Facebook did an about-face after banning the account of Heroes of Liberty, a conservative children’s book publisher whose works include biographies of Ronald Reagan, Thomas Sowell and Amy Coney Barrett.

Andy Stone, spokesperson for Meta, which owns Facebook, tweeted Monday that the decision last month to disable permanently the publisher’s account was a mistake.

“This should not have happened. It was an error and the ad account’s been restored,” Mr. Stone said.

His tweet came in response to a post from Fox senior political analyst Brit Hume, who called the ban “sickening.”

Mr. Hume and others rallied to Heroes of Liberty’s defense after editor and board member Bethany Mandel said that Facebook had shut down the newly launched publishing house’s advertising account over the “disruptive content” of its ads.

The company officially launched in November but had invested “considerable resources into building our brand on Facebook” beginning in July.

“When Facebook shut down our account, we lost all the data that we carefully gathered for the last six months,” Ms. Mandel said in a Monday tweet. “We can’t communicate with the audience that we built. Our ad account is permanently disabled. The consequences to our business could be devastating.”

In a Tuesday post on Facebook, Heroes of Liberty said that it learned from news articles that the account had been restored.

“Like you, we learned about the ‘Error’ from the daily news. No one called us, wrote to us or explained to us what happened or how we can be sure it won’t happen again. We hope it won’t, because we want [to] create a conversation here on Facebook,” said the Heroes of Liberty post.

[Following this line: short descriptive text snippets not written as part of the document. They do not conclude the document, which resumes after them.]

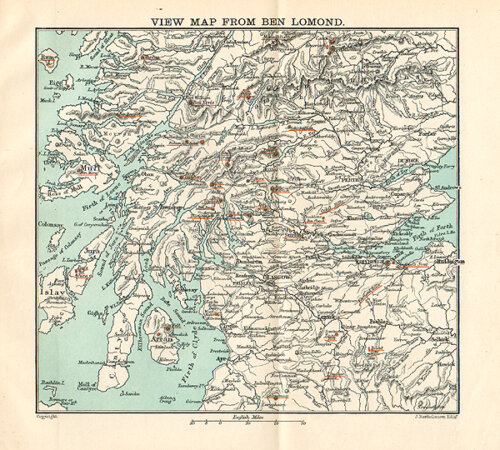 View Map from Ben Lomond  -  John Bartholomew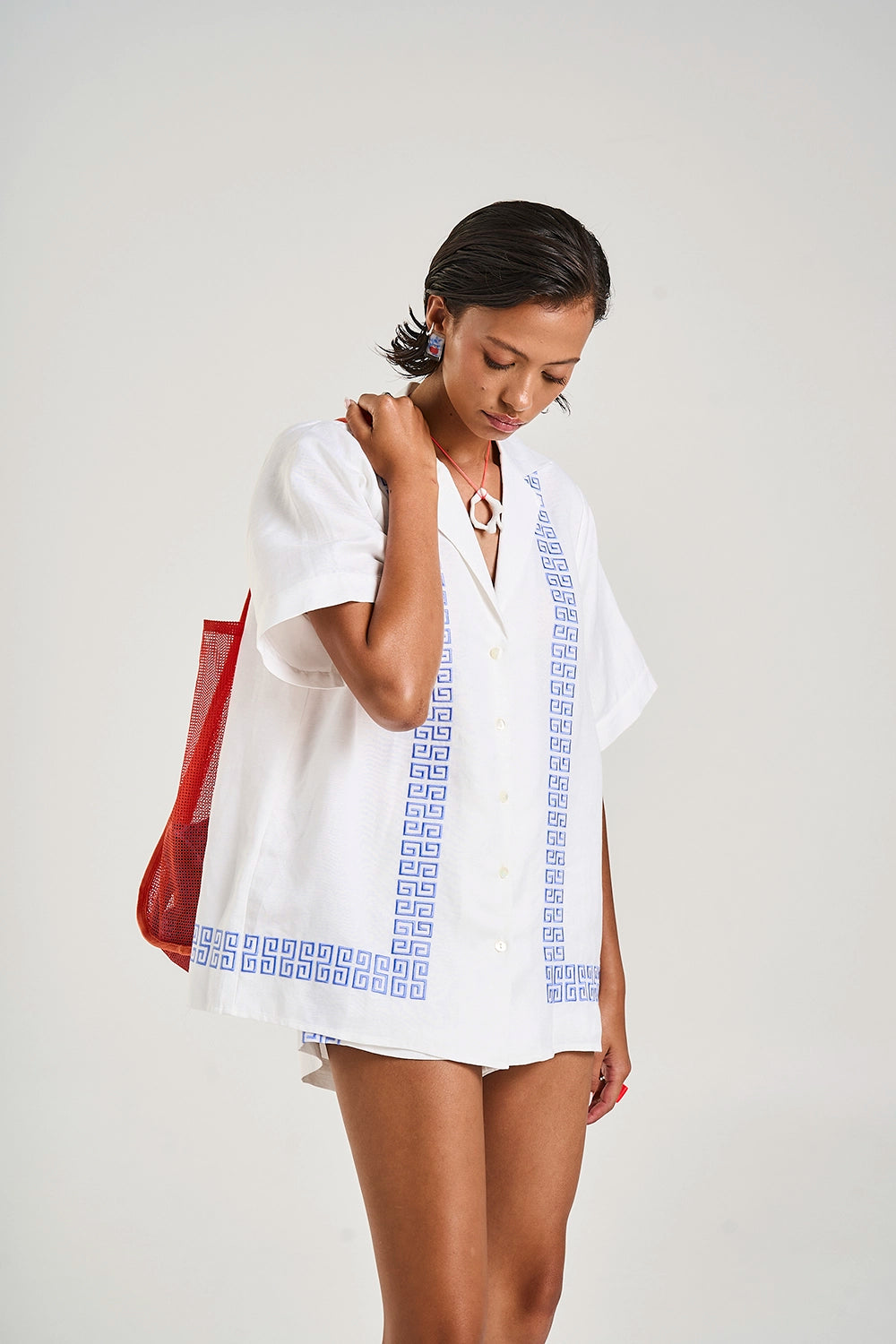 SUMMI SUMMI | COLLARED SS SHIRT - SOL SCRIPT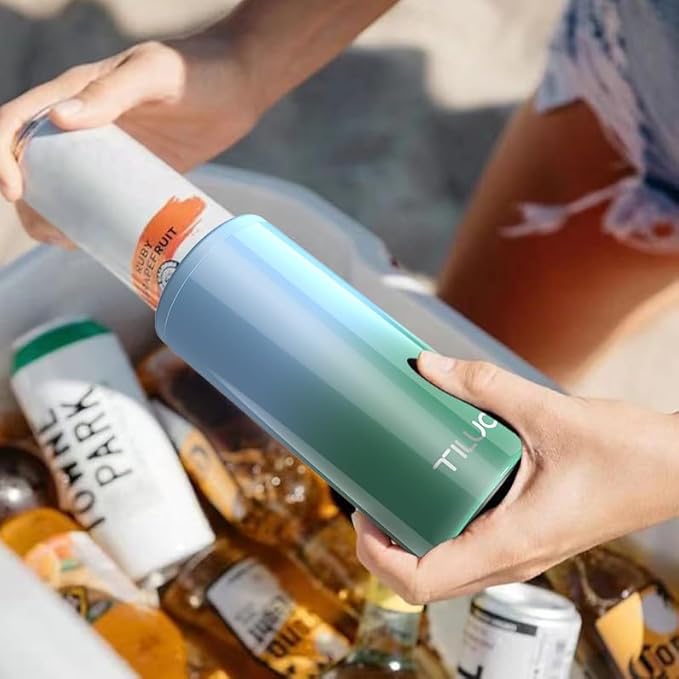 TILUCK Skinny Can Cooler for Slim Beer & Hard Seltzer, Stainless Steel, Doucle-Walled Stainless Steel Insulated Slim Cans, Standard 12 oz (Teal Gradient-NEW)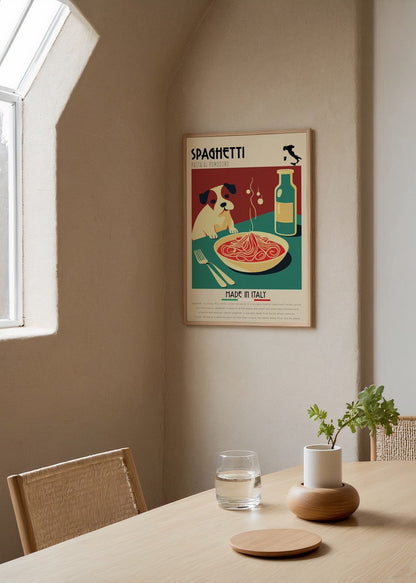 Vibrant illustration of spaghetti al pomodoro with a dog, perfect for kitchen decor.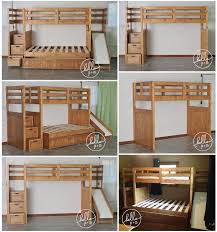 Twin Over Full Over Twin Trundle Solid Wood Bunk Bed With Stairs And Slide In 2020 Bunk Beds With Stairs Diy Loft Bed Loft Bed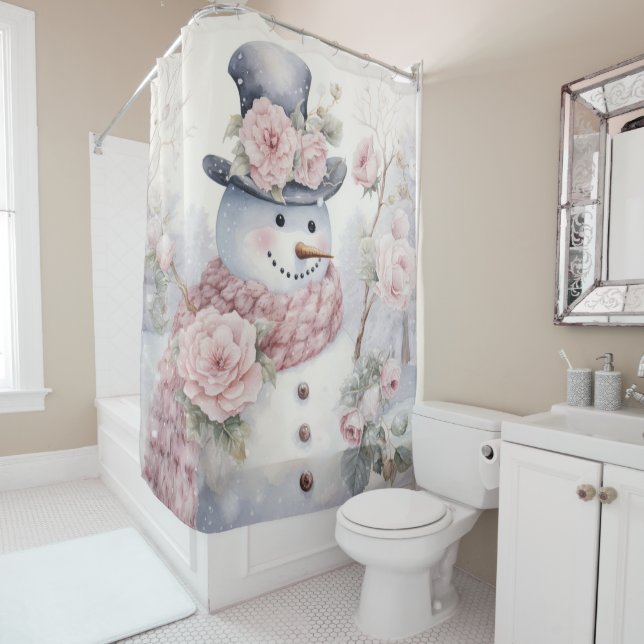 Pastel Snowman Shower Curtain (In Situ)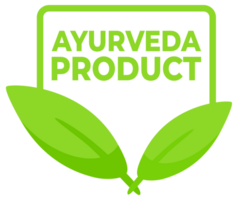 Set of labels featuring the text Ayurveda Product with a herbal leaf symbol, ideal for wellness and holistic health products. png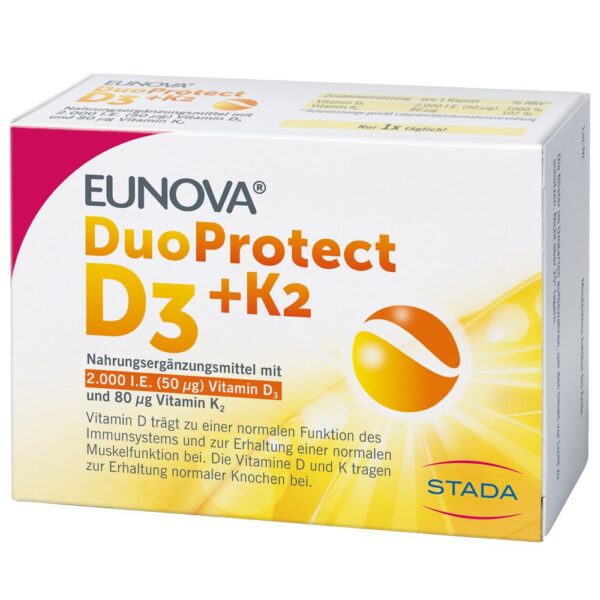 Eunova DuoProtect D3+K2 2000 I.E./80 µg, 90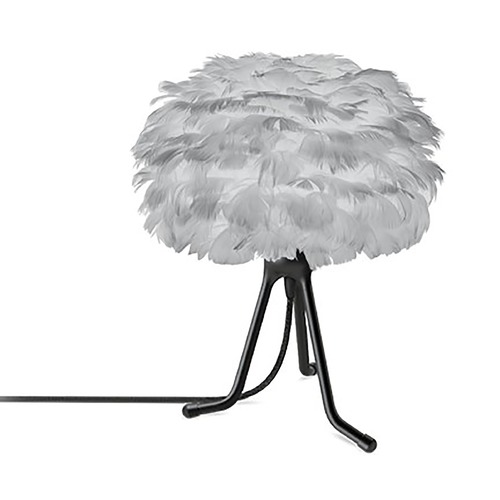 UMAGE UMAGE Black Table Lamp with Grey Feather Shade 3012_4056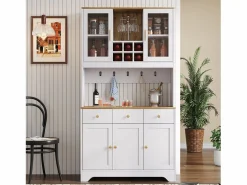 Hauss Spole Aparador de cocina 94,5x40x175,5cm con 5 puertas, 3 cajones y nichos, tapa chapada imitación madera, cuerpo Blanco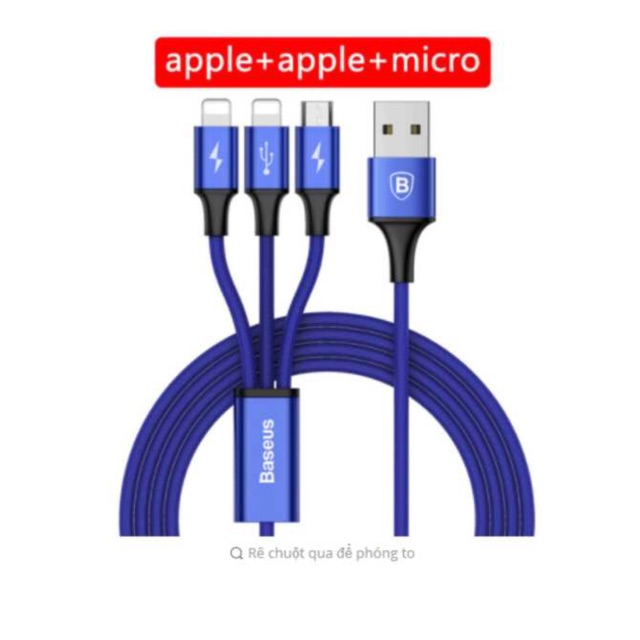 Cáp sạc 2 đầu iphone 1 đầu android  Basues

The company also tweaked Meta by offering a 10% discount on its subscriptions with the coupon code “Zuckerberg,” a reference to Facebook founder Mark Zuckerberg. 

A Facebook spokesperson told The Washington Times in an email that the “ad account was disabled in error and has been restored.”

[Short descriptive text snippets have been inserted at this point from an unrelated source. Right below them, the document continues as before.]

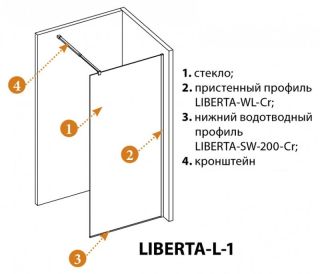Душевая перегородка CEZARES LIBERTA-L-1-110-120-C-NERO кронштейн 120см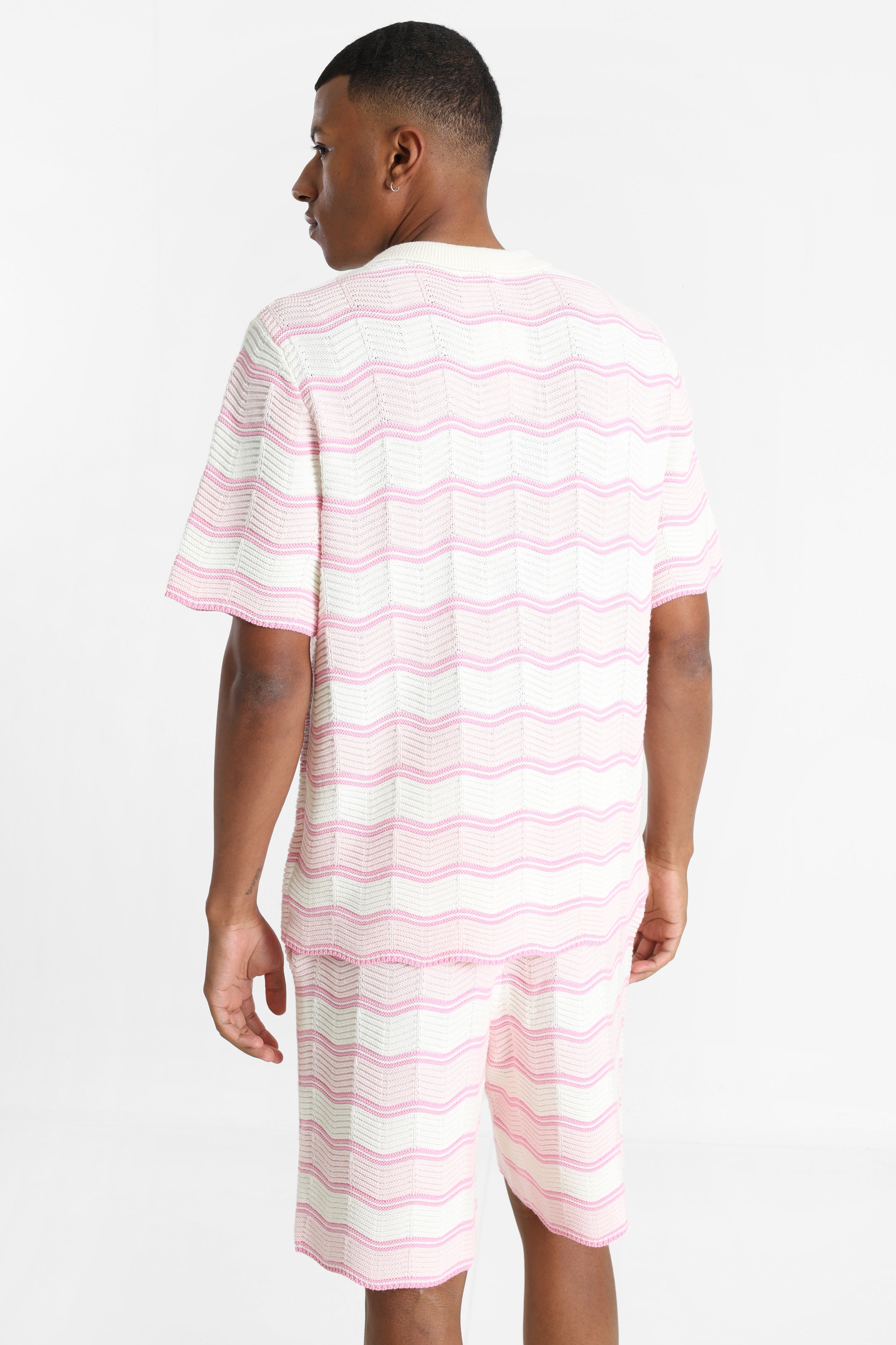Strickhemd - Offwhite + Pink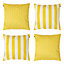 Veeva Deck Stripe Set of 4 Ochre Yellow Outdoor Cushion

Ms. Mandel said the page had drawn some negative comments about the volume on former President Ronald Reagan, including one post saying the books should be burned, which may have been the catalyst for the Facebook action.

“We had a number of negative comments on the posts and we think they reported our content. They were triggered by a children’s book that portrays Ronald Reagan as a hero,” she said. “But this was not their decision. It was Facebook’s decision, they went along with them it seems.”

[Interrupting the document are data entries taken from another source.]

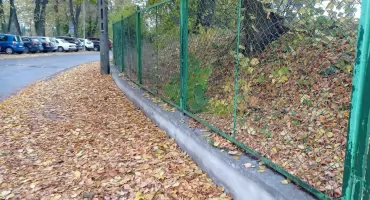 Liście spadają. Chodnik trzeba posprzątać
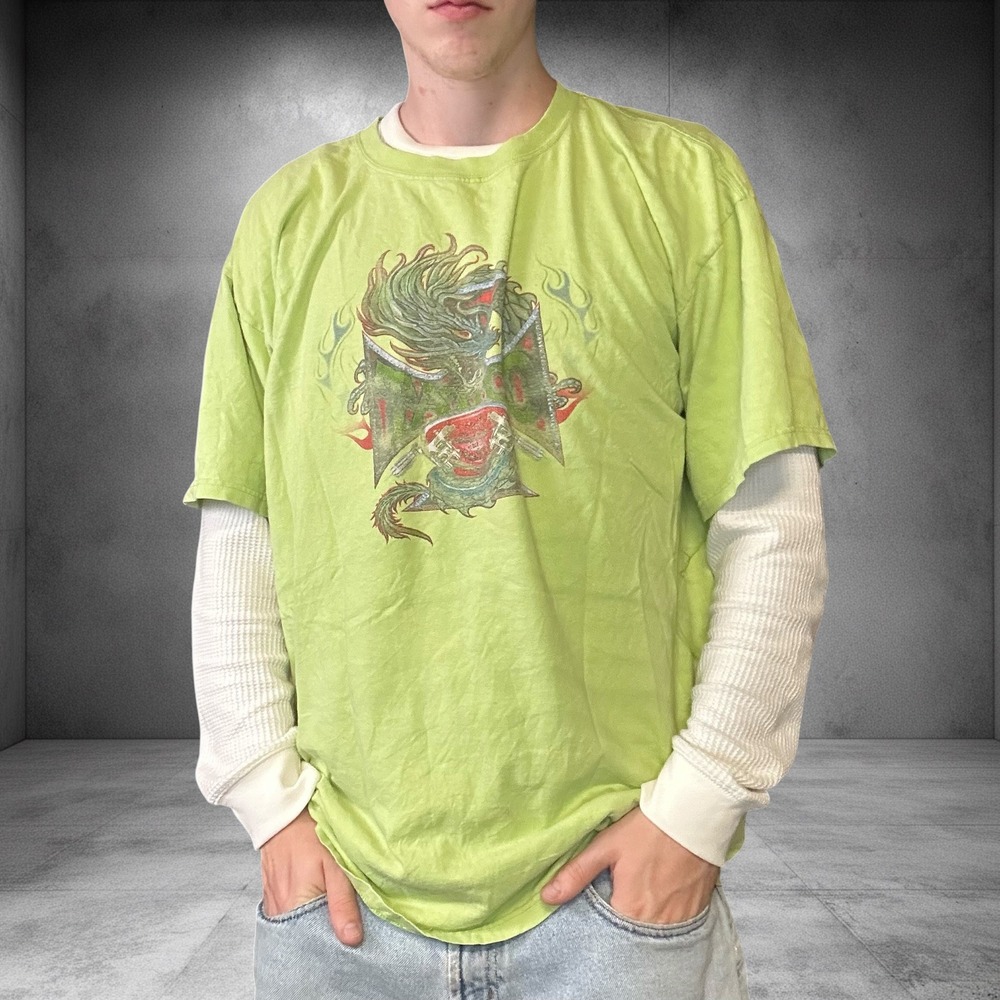 Vintage Y2K Rick Fairless Strokers Dallas Custom Choppers Graphic Tee Lime 2XL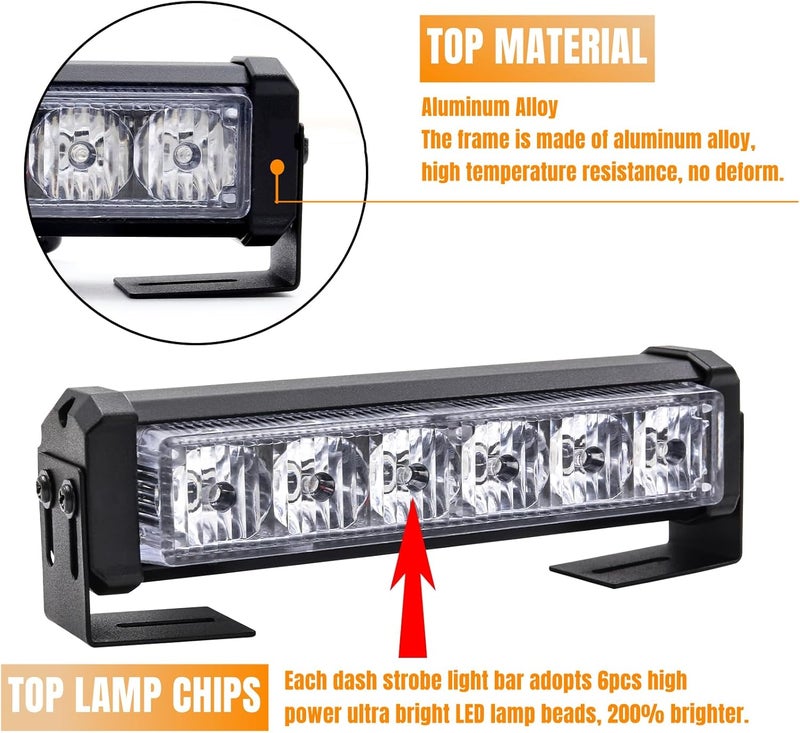 NWpangu 2 in 1 12V LED Emergency Warning Light Dash Strobe Lights with Switch Button - Image 3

In a Dec. 23 message, Facebook said Heroes of Liberty had violated its policy on “Low Quality or Disruptive Content.” After the publisher appealed, Facebook said its decision was final.

“After a final review of this ad account, we confirmed it didn’t comply with our Advertising Policies or other standards,” said the message posted on Fox Business. “You can no longer advertise with this ad account and its ads and assets will remain disabled. This is our final decision.”

Ms. Mandel posted an example of an ad promoting the books on Reagan, Mr. Sowell, and Justice Barrett.

“Christmas is here, and it’s the perfect time to celebrate with your children. Celebrate family, celebrate freedom, and celebrate America,” said the Dec. 9 ad.

Heroes of Liberty plans to publish its next biographies on actor John Wayne, former British Prime Minister Margaret Thatcher, and Founding Father Alexander Hamilton.

The books are designed for children ages 7-12.